What you have to do
Exactly the lines from the one with "Anaphalis adnata (Wall.) DC._標本_BRCM 6845" through the end of the records below are needed, minus any pictures.

Data excerpts:
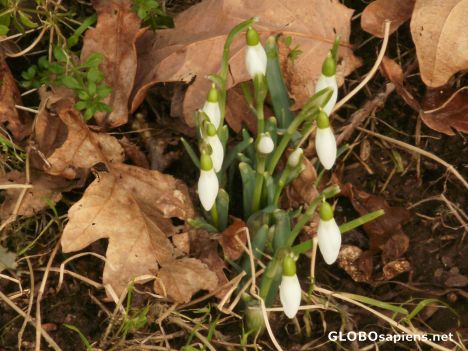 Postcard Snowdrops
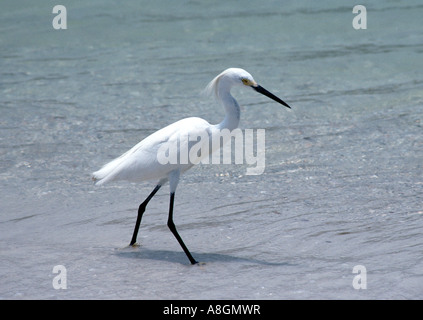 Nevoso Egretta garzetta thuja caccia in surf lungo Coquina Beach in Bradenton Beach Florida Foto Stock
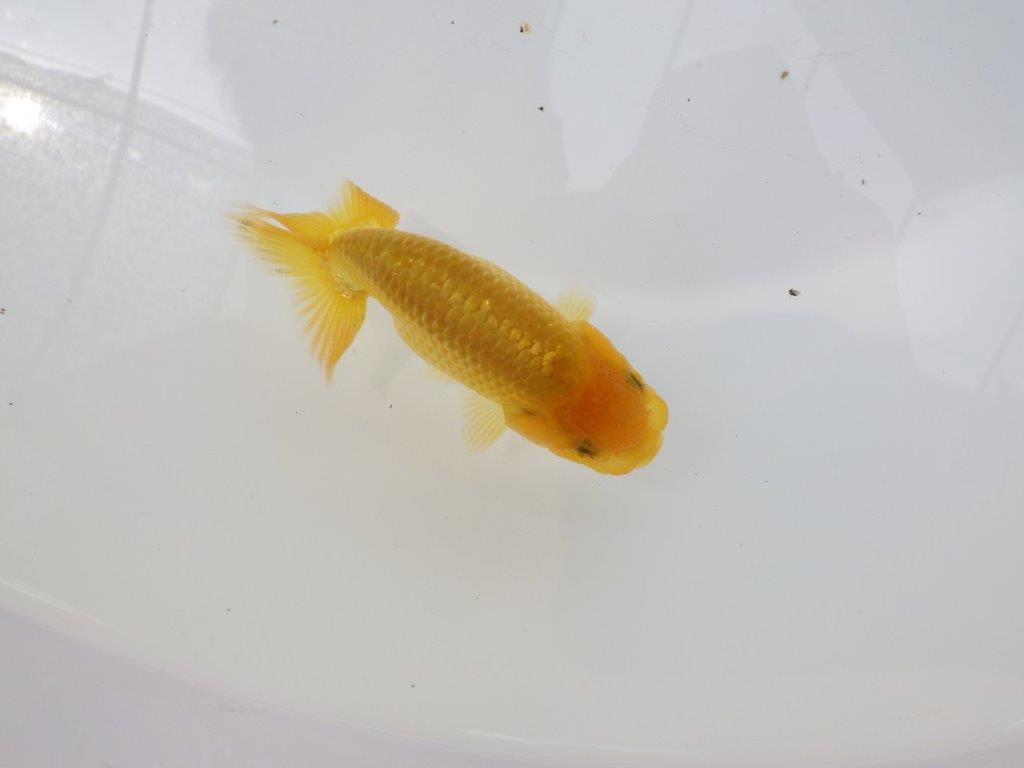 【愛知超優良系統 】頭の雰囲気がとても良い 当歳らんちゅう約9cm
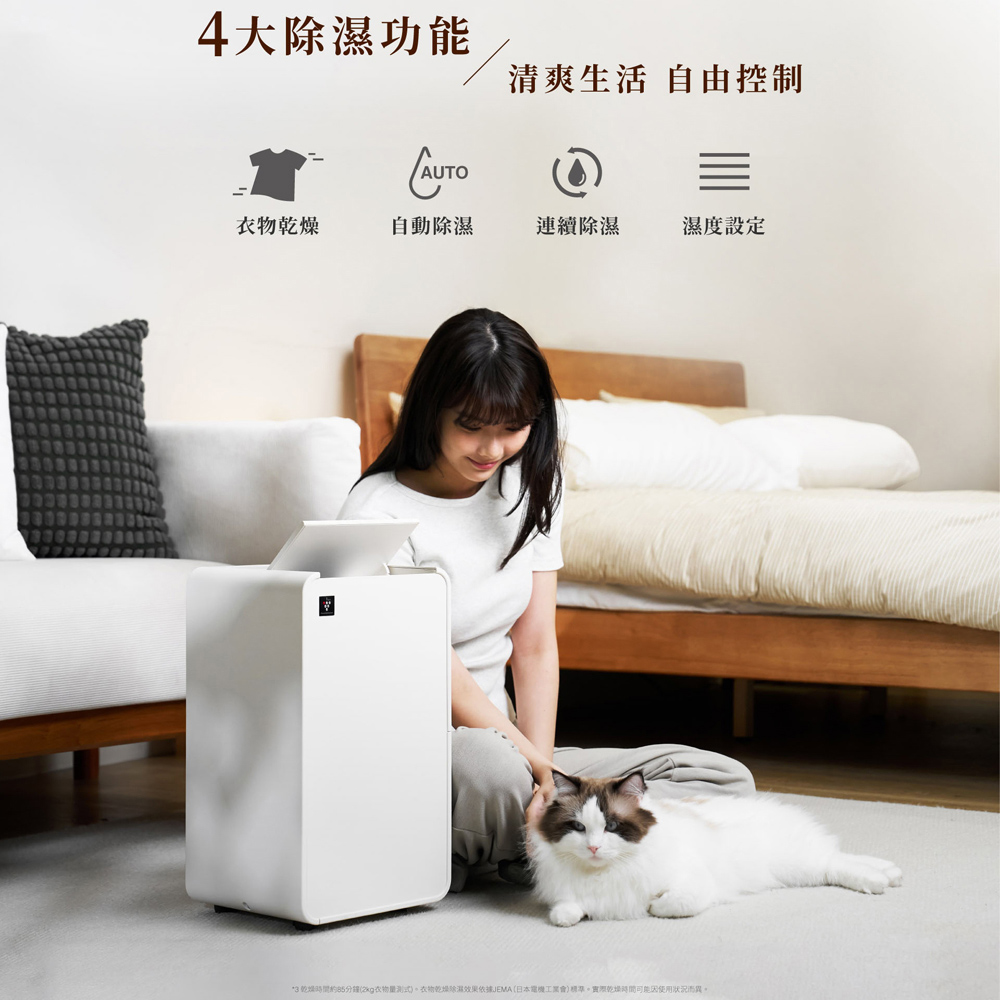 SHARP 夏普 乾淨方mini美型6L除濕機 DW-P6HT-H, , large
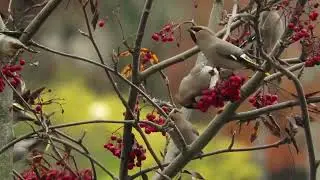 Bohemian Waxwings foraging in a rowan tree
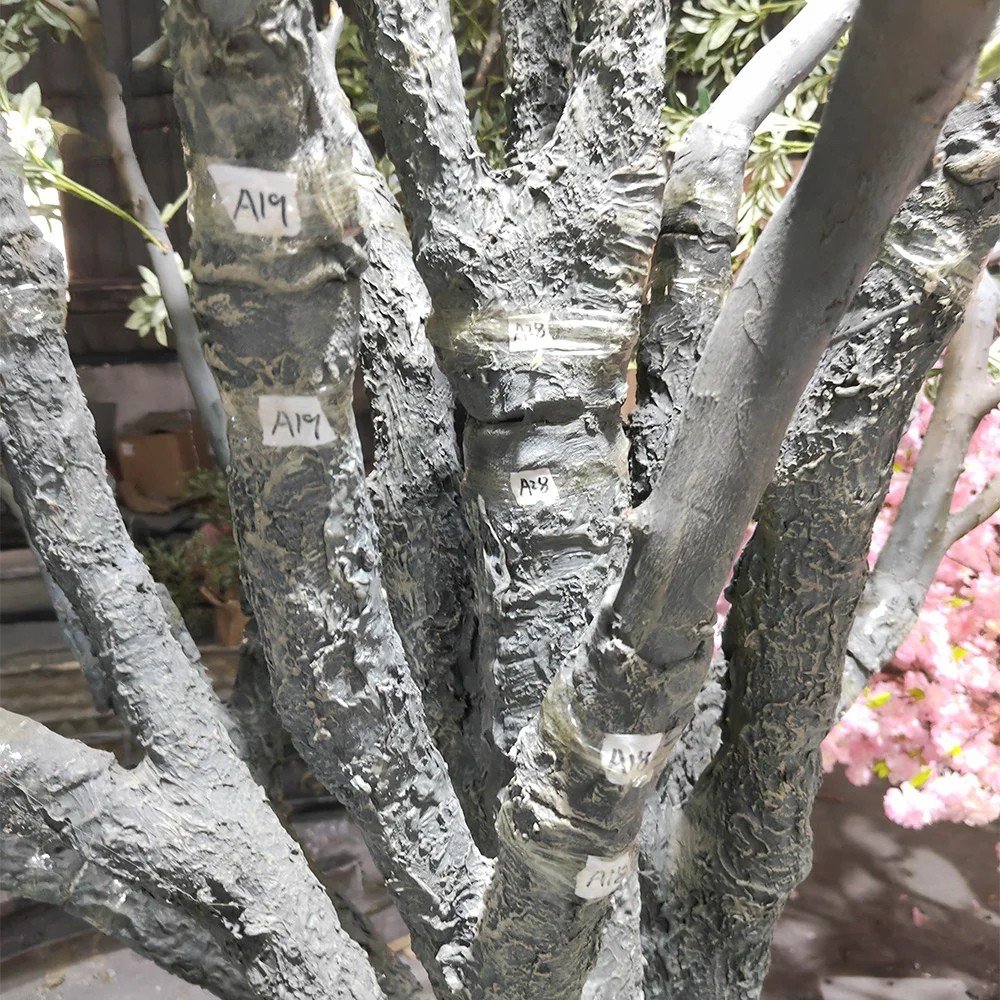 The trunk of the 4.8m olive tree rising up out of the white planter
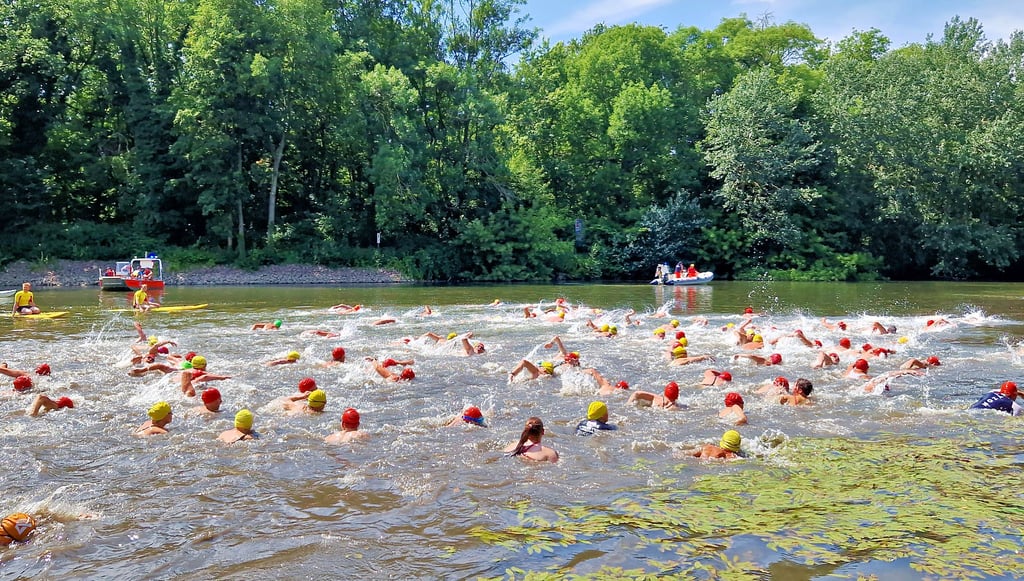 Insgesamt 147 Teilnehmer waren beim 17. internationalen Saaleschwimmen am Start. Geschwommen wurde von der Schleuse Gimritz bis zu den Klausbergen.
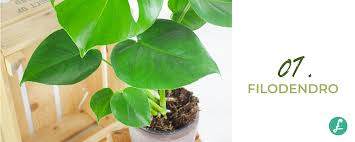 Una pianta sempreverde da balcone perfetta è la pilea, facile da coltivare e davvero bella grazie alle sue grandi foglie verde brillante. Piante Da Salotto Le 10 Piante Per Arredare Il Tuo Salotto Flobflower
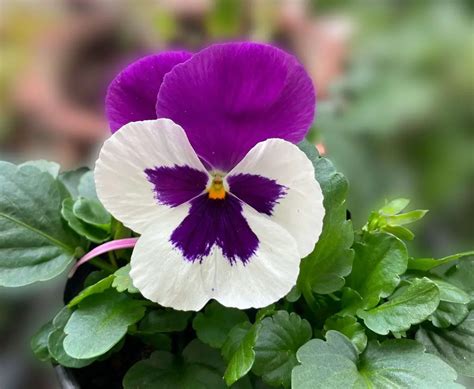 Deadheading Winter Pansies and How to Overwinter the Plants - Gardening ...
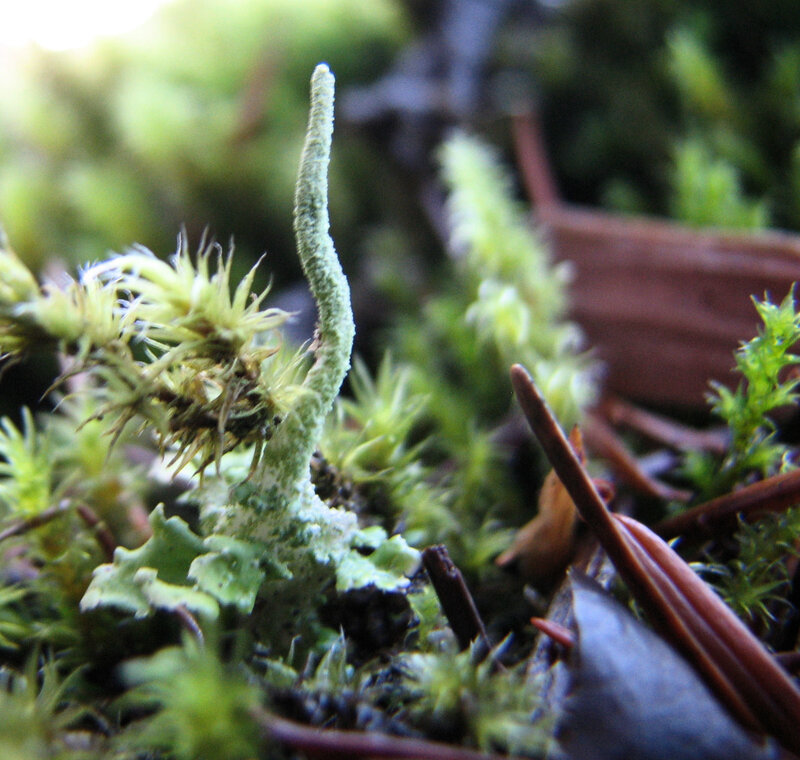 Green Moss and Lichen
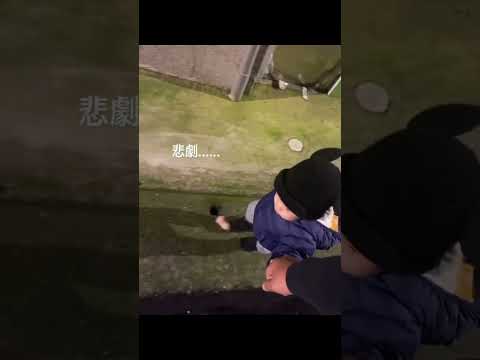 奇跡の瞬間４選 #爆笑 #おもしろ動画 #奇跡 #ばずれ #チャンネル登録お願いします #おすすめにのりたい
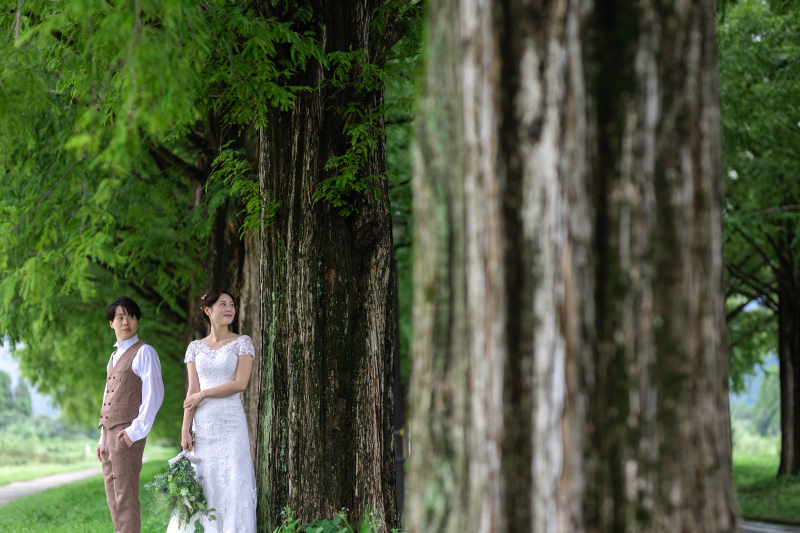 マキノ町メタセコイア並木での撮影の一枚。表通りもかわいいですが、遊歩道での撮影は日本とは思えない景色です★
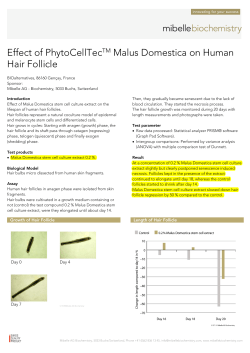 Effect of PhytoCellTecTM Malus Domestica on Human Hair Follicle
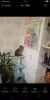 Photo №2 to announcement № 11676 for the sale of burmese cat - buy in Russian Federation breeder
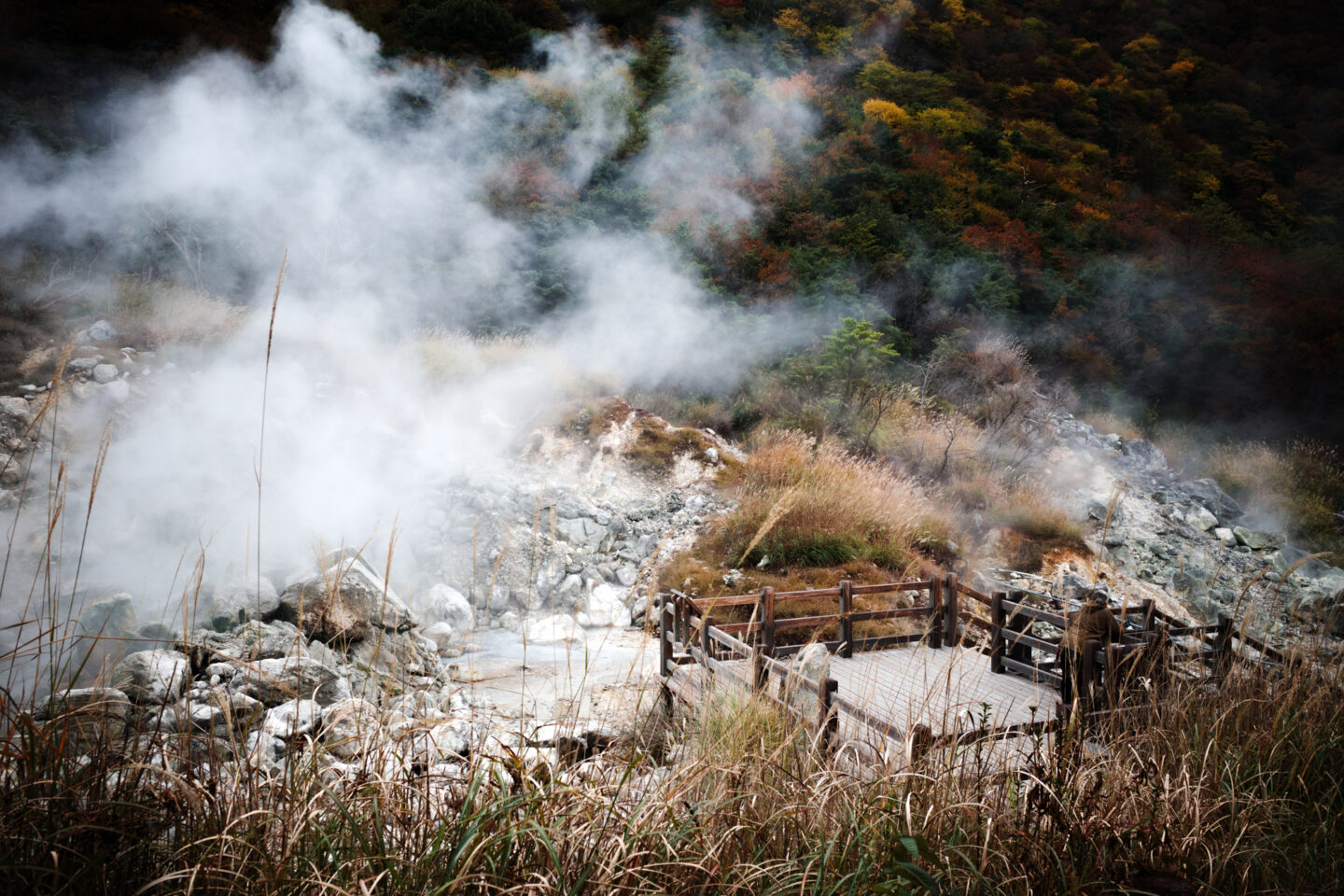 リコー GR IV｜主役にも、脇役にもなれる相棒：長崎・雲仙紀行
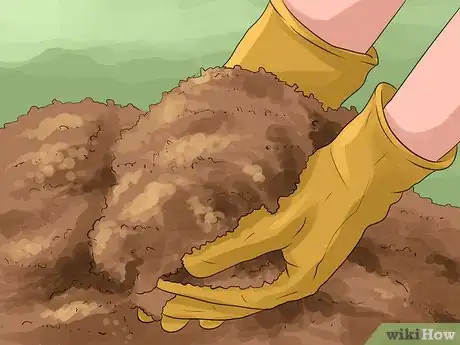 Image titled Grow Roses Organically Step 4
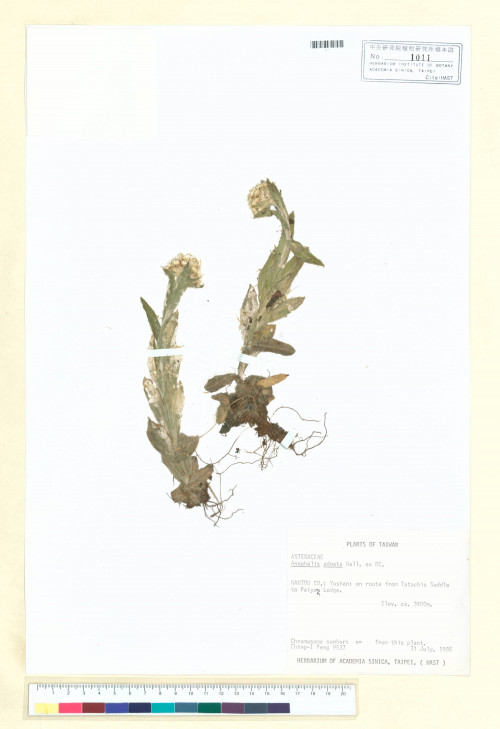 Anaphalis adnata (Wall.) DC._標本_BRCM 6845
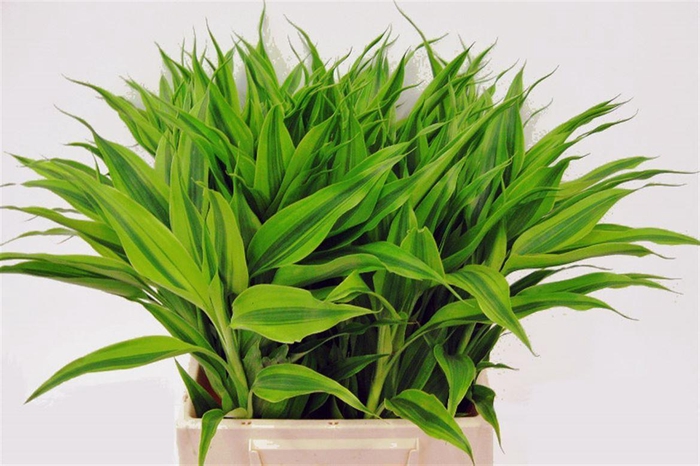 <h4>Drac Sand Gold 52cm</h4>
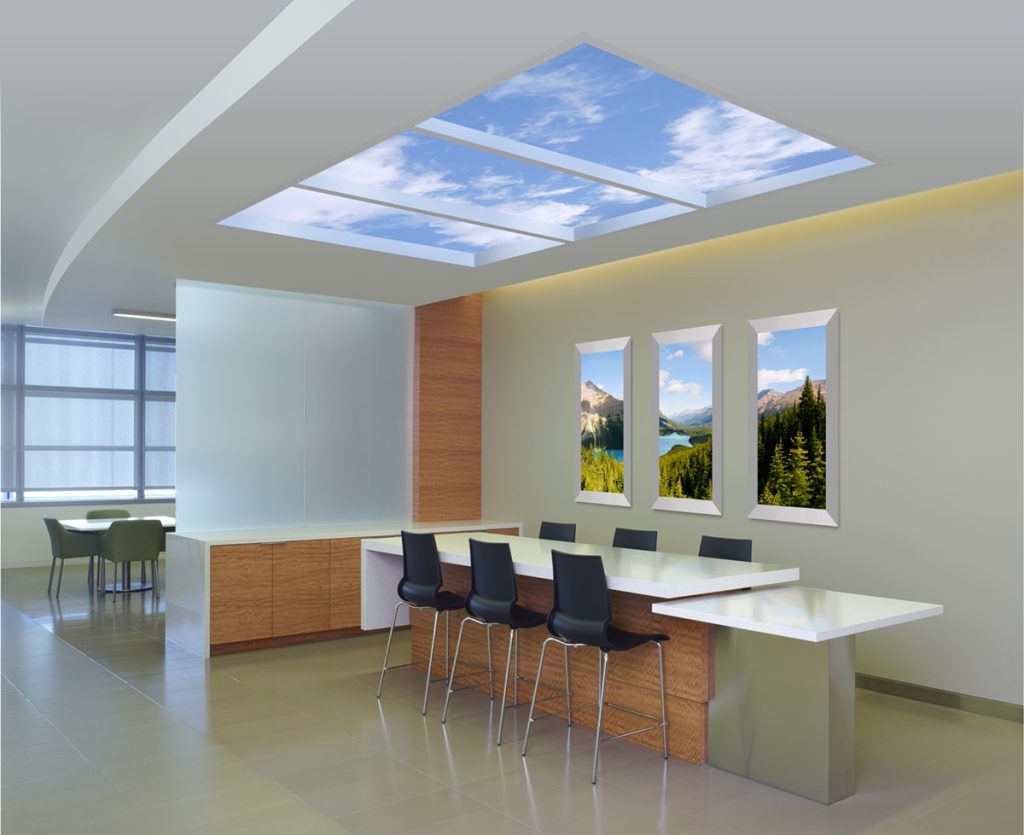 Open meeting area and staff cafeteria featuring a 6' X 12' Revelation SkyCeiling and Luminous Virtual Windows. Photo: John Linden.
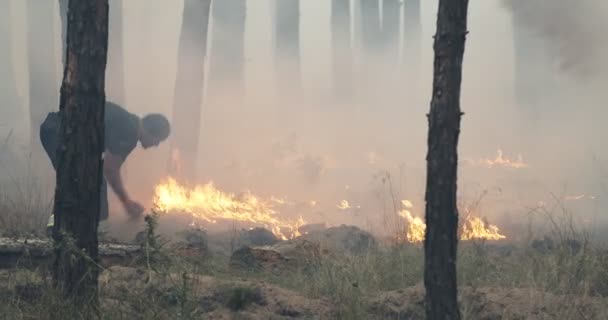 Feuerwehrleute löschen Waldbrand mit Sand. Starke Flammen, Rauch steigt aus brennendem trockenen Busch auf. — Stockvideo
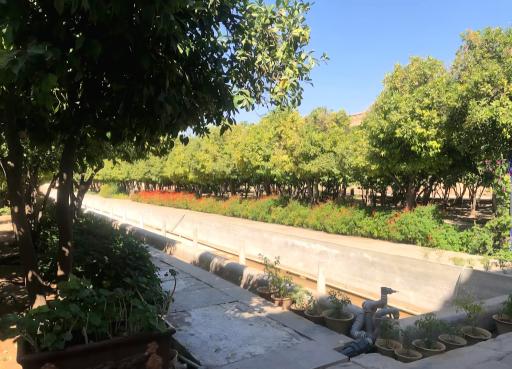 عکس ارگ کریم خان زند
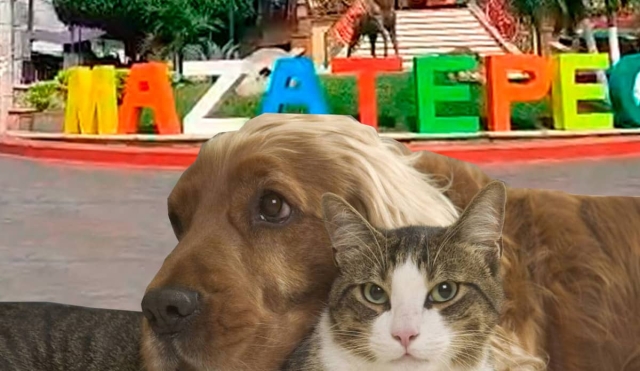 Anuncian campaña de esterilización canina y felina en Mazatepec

Output for this exercise
 Anaphalis adnata (Wall.) DC._標本_BRCM 6845
 <h4>Drac Sand Gold 52cm</h4>
 Open meeting area and staff cafeteria featuring a 6' X 12' Revelation SkyCeiling and Luminous Virtual Windows. Photo: John Linden.
 Feuerwehrleute löschen Waldbrand mit Sand. Starke Flammen, Rauch steigt aus brennendem trockenen Busch auf. — Stockvideo
 عکس ارگ کریم خان زند
 Anuncian campaña de esterilización canina y felina en Mazatepec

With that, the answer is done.